Pytorch编译器概念之——Fake tensor

Fake tensor

FakeTensors are a __torch__dispatch__ subclass that trace out tensor operations without actually doing computation. Fake Tensors are comprised of a meta tensor and a fake device. Running your code with fake tensor should completely replicate all of the properties you would get running with their real counterparts - sizes, strides, aliasing, etc. They were first implemented outside of tree in torchdistx but have reimplemented to take advantage of __torch_dispatch__ and in python for flexibility.

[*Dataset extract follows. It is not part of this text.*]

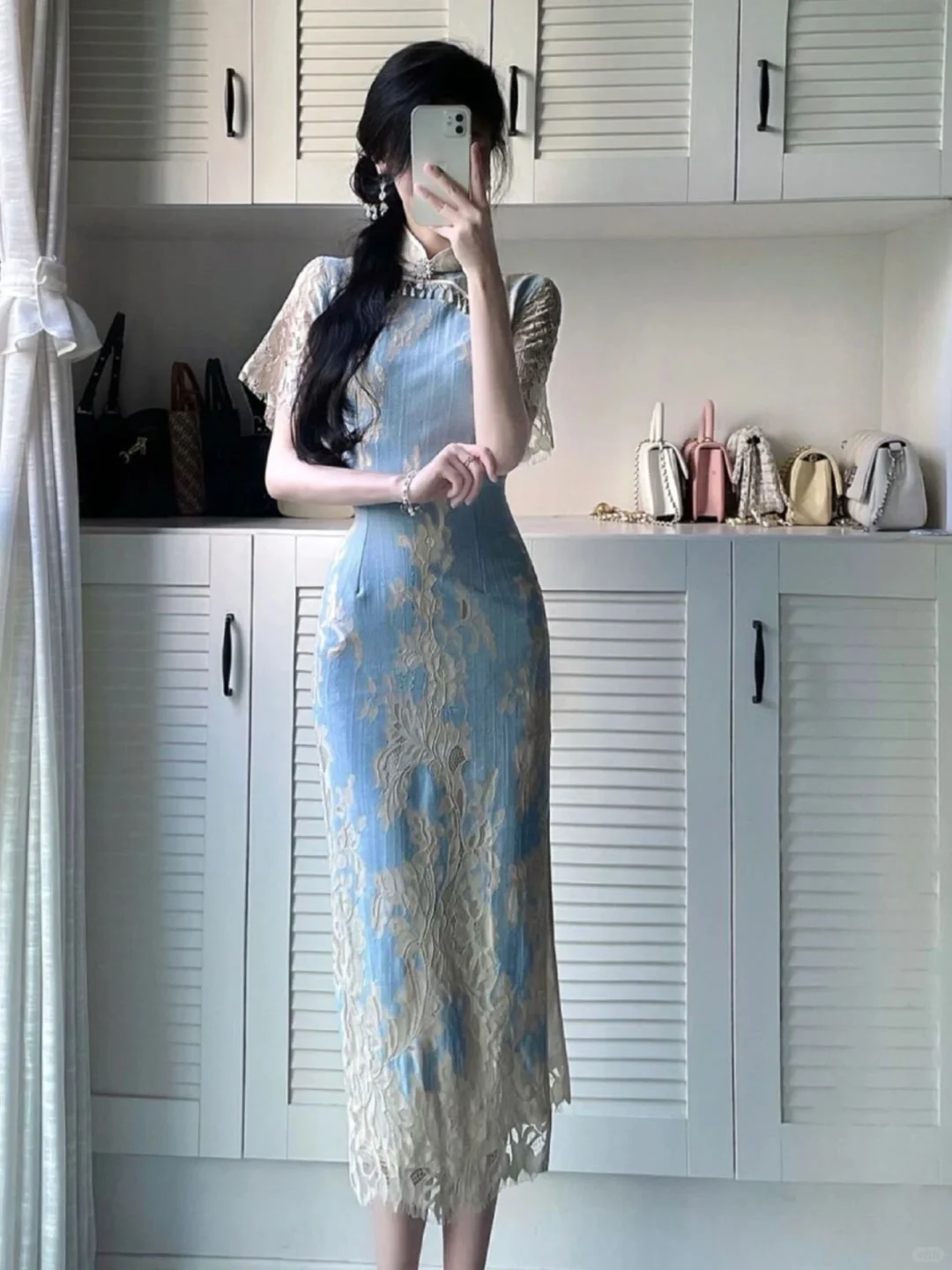 改良旗袍杀疯了💥 谁穿谁是人间富贵花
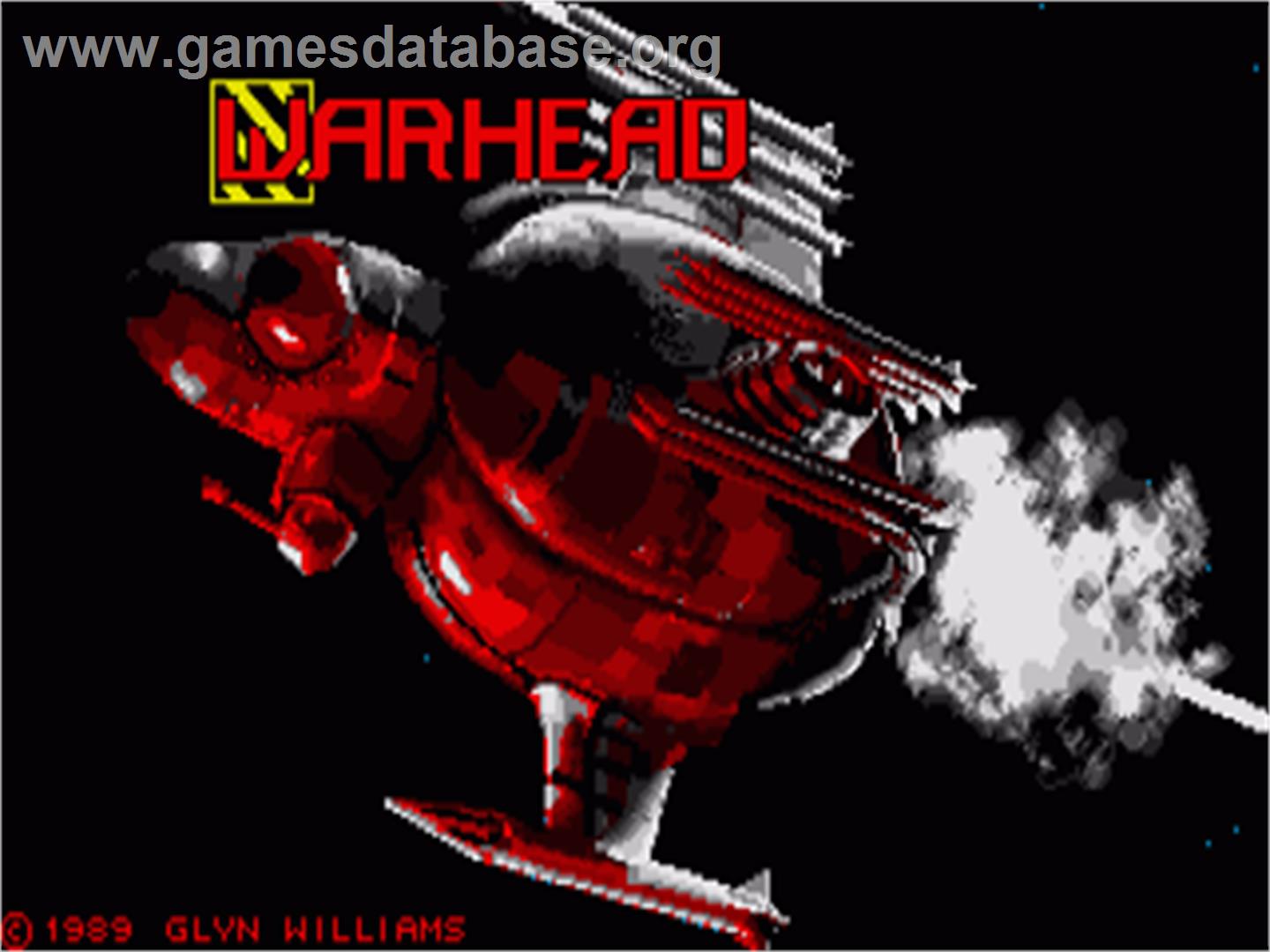 Warhead - Commodore Amiga - Artwork - Title Screen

Fake Tensors are used throughout PyTorch 2.0 to trace through PyTorch without actually running operators on real tensors, and to persist type information on FX Graphs

For any use case where you like to abstract analysis on the operators and tensors of your model, we encourage FakeTensors. Here, we are going to focus on a couple of example use cases.

Code: fake_tensor.py

Motivation 动机

When doing Dynamo symbolic evaluation and compiler passes, we often want to be able to run tensor operations to understand what output sizes/dtypes/devices are, without actually running those operations (or trashing preexisting tensors), which would be slower (if you’re doing a lot of compute) and take a lot of memory (it’s bad if your compiler needs to use GPU memory while you are compiling the program). A fake tensor is like a real tensor in all respects, except that it doesn’t actually have any data. For example, when we do Dynamo tracing, we need to trace through user Tensor code and answer questions about intermediates (e.g., if a user does a conditional on an intermediate tensor). Without fake tensor, we would not have accurate information for these queries.

dynamo trace的时候,用fake tensor来当做实际的输入去获取图中的中间结果,fake tensor不需要实际占用显存,不需要实际去跑。

Similarly, suppose you want to store metadata for a tensor, e.g., on an FX IR node (meta[‘val’]). You can instead store a fake tensor directly on the node, which will give you all the metadata you need for the tensor, including subtle stuff that you probably wouldn’t have handled (e.g., aliasing relationships).

同时也可以存meta data。

Related work

  • A meta tensor is a tensor with device=‘meta’. This is actually a lot of what you want for fake tensor, but meta tensors don’t model devices, and sometimes stride behavior varies depending on your device, so fake tensors really can get a lot more accurate info this way. Also, meta tensors are “global” (they exist on their own, similar to how a CPU/CUDA tensor exist on their own), whereas fake tensors are scoped to a FakeTensorMode.

  • A tensor subclass lets you subclass torch.Tensor and customize their behavior. Fake tensors are implemented as a tensor subclass; that means almost all of its implementation lives in Python! For more simple examples of tensor subclasses check out subclass_zoo.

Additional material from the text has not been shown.